These days, residents are understandably uneasy when they open their doors to people they don’t know, says County Commissioner Wayne Dukes.
That’s why Dukes believes it is important for county employees to have recognizable uniforms with easily identifiable identifications when they knock at the door.
At Tuesday’s county commission meeting, Dukes brought it to the attention of his colleagues that at least one department official told her employees they could wear blue jeans or other casual attire.
“I have a problem with that,” Dukes said.
Dukes directed the county administrator to look into the matter and report back at the April meeting.
“These folks are going out on job sites, meeting the public,” Dukes said. “It’s important that if you’re going to come out and mingle with the public that it’s obvious who you are.”
Jodi Singer, operations manager for the county development department, confirmed that she and Building Official Frank Baxter have approved her employees to wear what she calls “business casual” attire — including blue jeans and polo shirts — instead of the standard-issue khaki pants and green or white shirt.
The department is attempting to transition away from the county’s uniform policy and create its own internal dress code to save employees and taxpayers’ money, she said. The county administrator continues to look into the change in policy, Singer said.
“We’re working on an internal dress code so we have some kind of consistency,” Singer said.
If it passes administration muster, other departments may break with the county’s uniform policy and consider other dress schemes.
Singer shares Dukes’ concern about proper decorum when dealing with the public and that’s why the employees, mainly affecting the six inspectors, must wear badges and have county-issued identification to show customers.
Singer said there is no reason for residents to be alarmed because, most times, inspectors visit job sites without contacting the public.
But on those instances where they do, such as a home inspection, they would have a previously scheduled appointment, arrive in a county vehicle and have to display proper ID, she said.

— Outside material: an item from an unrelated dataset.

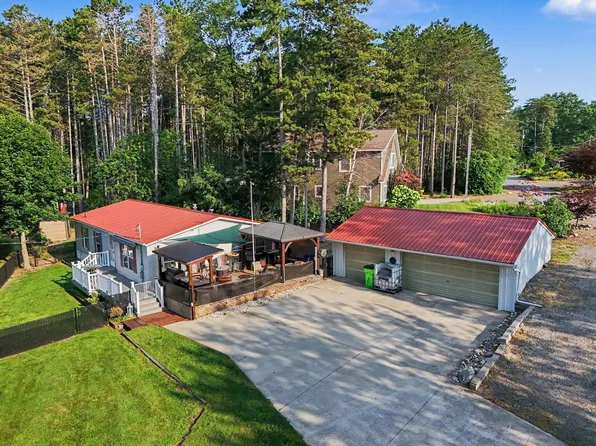 8009 W Lumberjack Dr, Mears, MI 49436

Hernando County’s uniform policy already gives department directors some latitude. It requires them to “identify the positions within their respective department for which the wearing of a uniform is required.”
“Department directors should ensure that uniforms are absolutely necessary,” the policy reads.

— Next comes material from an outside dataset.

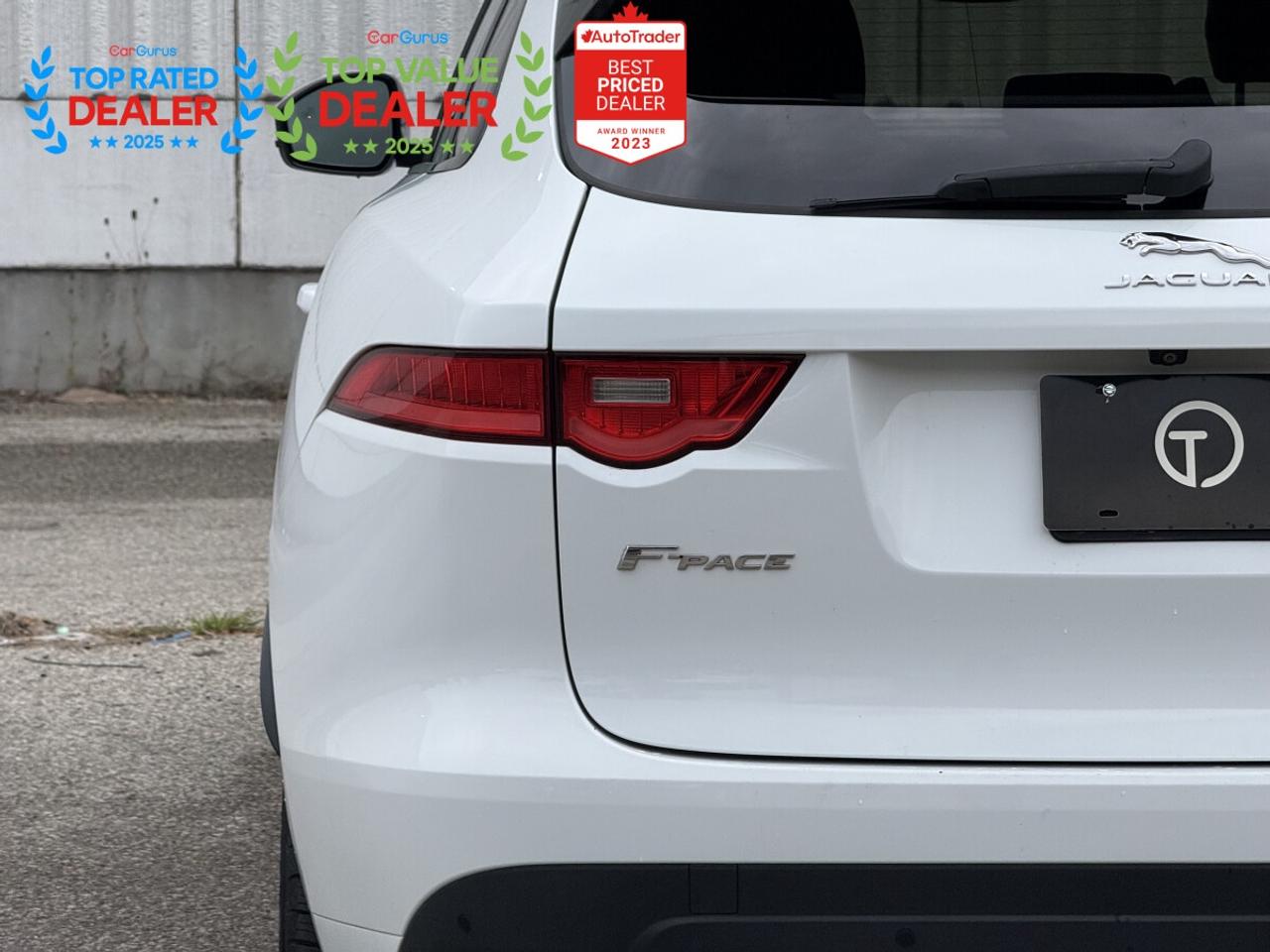 2020 Jaguar F-PACE R-SPORT | PANO | MERIDIAN | LOADED Photo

The policy said directors who require employees to wear uniforms must include money for them and replacement uniforms in their annual budgets.
Assistant County Finance Director Francis Pioszak said the IRS is vague when it comes to the definition of what constitutes street wear.

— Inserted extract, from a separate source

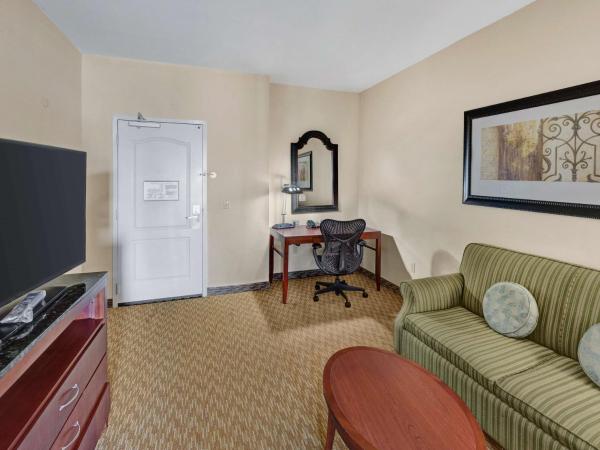 Hilton Garden Inn Oklahoma City North Quail Springs : photo 1 de la chambre suite junior lit king-size avec coin salon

“The IRS has rules for everything and there are certain specific guidelines as to what is considered street wear,” she said.
Pioszak said she has submitted to the Internal Revenue Service a list of the county’s uniform descriptions and is awaiting guidance, specifically on whether the IRS includes the taxability of uniforms as an employee benefit.
Fernando Echevarria, federal, state and local government specialist for the IRS, said he knows of no legislation or tax code changes regarding uniforms looming for government entities.
Echevarria said the rules on county-issued uniforms can be complicated and the rules on whether they can be declared on taxes depends on whether their outfits can double as street clothes.
Echevarria said the mode of dress ultimately doesn’t matter as much as whether the employee has the proper identification.
While uniforms are more important in the law enforcement arena, it doesn’t hold the same weight in the clerical or government sphere, he said.
For example, anyone can purchase a pair of khaki pants or a green shirt and pass off as a building inspector, he said
“A garment of clothing does not identify you as any employee of any organization,” Echevarria said. “It’s the credentials you carry.”